- DESCRIPTION OF THE TASK -
Reproduce verbatim the final portion of the material below, from the line containing "Boucles d'oreilles Collection" through its last line, and nothing else.

- LISTED ENTRIES -
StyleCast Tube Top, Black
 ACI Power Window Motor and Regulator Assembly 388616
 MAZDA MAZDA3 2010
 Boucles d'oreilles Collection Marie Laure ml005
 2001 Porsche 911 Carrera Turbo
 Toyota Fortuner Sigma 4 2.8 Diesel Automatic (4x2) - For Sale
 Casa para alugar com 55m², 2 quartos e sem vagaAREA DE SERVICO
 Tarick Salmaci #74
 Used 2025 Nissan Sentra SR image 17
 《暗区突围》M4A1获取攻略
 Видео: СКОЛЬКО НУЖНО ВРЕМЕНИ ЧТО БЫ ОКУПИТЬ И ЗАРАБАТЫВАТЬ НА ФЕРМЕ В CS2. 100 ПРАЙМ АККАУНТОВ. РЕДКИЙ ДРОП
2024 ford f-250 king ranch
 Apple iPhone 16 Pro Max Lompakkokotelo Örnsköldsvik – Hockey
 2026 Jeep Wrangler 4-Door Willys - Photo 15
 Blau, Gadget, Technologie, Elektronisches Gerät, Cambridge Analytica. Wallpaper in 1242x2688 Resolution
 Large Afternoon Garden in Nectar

- REPLY TO THE TASK -
 Boucles d'oreilles Collection Marie Laure ml005
 2001 Porsche 911 Carrera Turbo
 Toyota Fortuner Sigma 4 2.8 Diesel Automatic (4x2) - For Sale
 Casa para alugar com 55m², 2 quartos e sem vagaAREA DE SERVICO
 Tarick Salmaci #74
 Used 2025 Nissan Sentra SR image 17
 《暗区突围》M4A1获取攻略
 Видео: СКОЛЬКО НУЖНО ВРЕМЕНИ ЧТО БЫ ОКУПИТЬ И ЗАРАБАТЫВАТЬ НА ФЕРМЕ В CS2. 100 ПРАЙМ АККАУНТОВ. РЕДКИЙ ДРОП
2024 ford f-250 king ranch
 Apple iPhone 16 Pro Max Lompakkokotelo Örnsköldsvik – Hockey
 2026 Jeep Wrangler 4-Door Willys - Photo 15
 Blau, Gadget, Technologie, Elektronisches Gerät, Cambridge Analytica. Wallpaper in 1242x2688 Resolution
 Large Afternoon Garden in Nectar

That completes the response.